Since they learned how to play their instruments, Bad Religion have been a punk band with a bunch of great pop songs just struggling to get out. But after coming of age in the SoCal punk rock circles and being founders of the biggest and most influential independent punk rock label of all time, Epitaph Records, Bad Religion have had to answer a lot for all that poppiness.
Whereas most casual fans view the band's signing to Atlantic Records three albums ago as a turning point from punkers to sellouts, Bad Religion have always gone beyond the simple three-chord guitar chug that drags throughout the entire genre of punk rock. Lest you forget, this is the band that put out the synth- and folk-heavy Into The Unknown--to the disgust of many of their fans--as they were climbing the punk rock ladder of success. Now, with a 13th album under the band's belt, Graffin knows exactly how to address the situation.

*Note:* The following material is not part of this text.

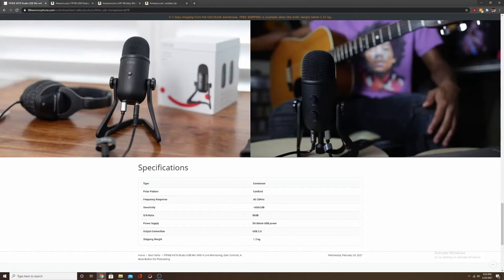The specs: it is a condenser mic with a cardioid polar pattern, meaning it captures sound from the front and doesn't pick up much from behind — great for a studio-style mic, YouTube, or streaming where you can place the mic in front of you. It has a frequency response of 40 to 20,000 Hz, a sensitivity of negative 45 dB plus or minus 3 dB, a signal-to-noise ratio of 85 dB, and it's powered via USB at 5V 80mA using a standard USB 2.0 connection.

"With No Substance, Bad Religion fans are going to recognize a very natural and spontaneous-sounding Bad Religion album that I think sounds better than any of them since Suffer," says Graffin. "And even then it sounds a lot better than Suffer, in the way that Suffer really woke people up and made people rediscover Bad Religion. I think this will do the same thing for the Bad Religion fan. For people who have never heard us, I think they'll be pleasantly surprised that Bad Religion is so melodic and has such a good sensibility of what pop music is. There's something for them in that, too."
Guitarist Brain Baker is slightly less literal and more relaxed about the band's musical footing. "The music is still simple and the guitar solos only exist to give Greg a breather," he says. "Our music just doesn't really have any of those rock trappings. Live, we're still sloppy as shit. I think the attitude in which it's played is how you should characterize it."
For the most part, No Substance is a great post-punk rock record. Featuring Bad Religion's most successful synthesis of rock and punk music, it contains more harmonizing and guitar solos than ever as well as plenty of historic-sounding moments of intense chord rock, with Graffin's red-faced rage and Ph.D.-educated background chugging forth in sync. Overflowing with Graffin's view of an overweight, deteriorating society betrayed by the false hopes of capitalism, not to mention more than a handful of his 25-cent words (Confused? Check out the on-line Bad Religion lexicon at www.cyberspc.mb.ca/~goombah/lexicon.htm), No Substance is firmly in line with Bad Religion's history of intelligent social criticism. The band's always been more about what's being said than what's being played. Graffin puts it clearly enough: "I think that's our best contribution, anyway: what we're saying."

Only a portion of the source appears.